**WHAT YOU ARE ASKED TO DO:** Set down all of the entries below word for word, with the pictures left out.

**DATA FOR THIS TASK:**
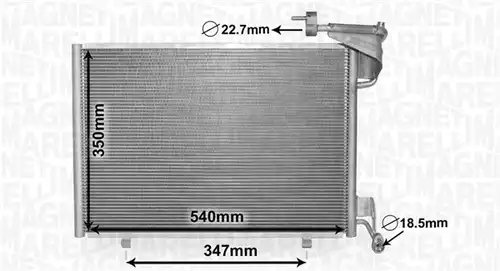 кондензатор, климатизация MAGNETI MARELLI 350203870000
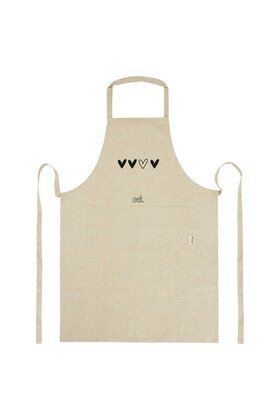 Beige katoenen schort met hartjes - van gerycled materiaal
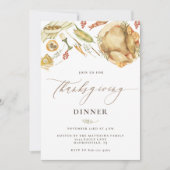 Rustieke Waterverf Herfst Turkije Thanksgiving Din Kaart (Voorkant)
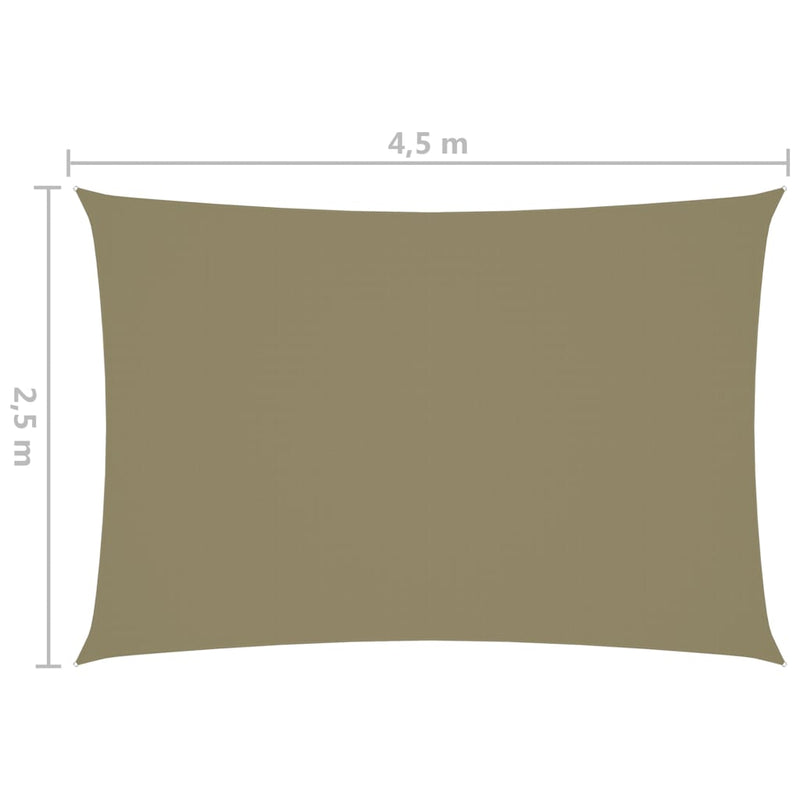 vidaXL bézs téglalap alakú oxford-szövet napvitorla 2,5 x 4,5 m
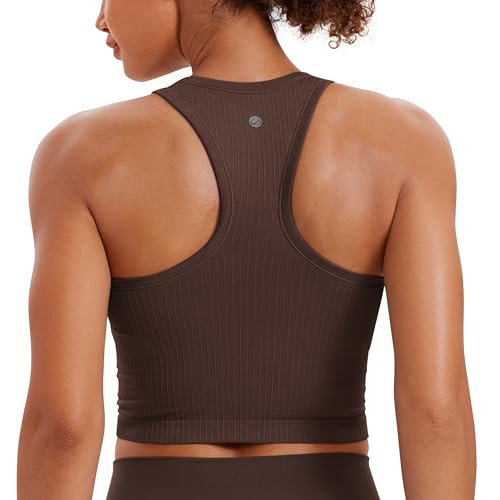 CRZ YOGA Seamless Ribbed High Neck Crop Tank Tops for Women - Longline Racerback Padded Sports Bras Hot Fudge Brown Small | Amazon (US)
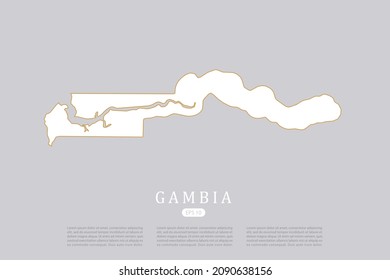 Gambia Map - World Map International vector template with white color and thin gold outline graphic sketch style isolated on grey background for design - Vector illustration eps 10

**ANSWER FOR THE TASK:**
 кондензатор, климатизация MAGNETI MARELLI 350203870000
 Beige katoenen schort met hartjes - van gerycled materiaal
 Rustieke Waterverf Herfst Turkije Thanksgiving Din Kaart (Voorkant)
 vidaXL bézs téglalap alakú oxford-szövet napvitorla 2,5 x 4,5 m
 CRZ YOGA Seamless Ribbed High Neck Crop Tank Tops for Women - Longline Racerback Padded Sports Bras Hot Fudge Brown Small | Amazon (US)
 Gambia Map - World Map International vector template with white color and thin gold outline graphic sketch style isolated on grey background for design - Vector illustration eps 10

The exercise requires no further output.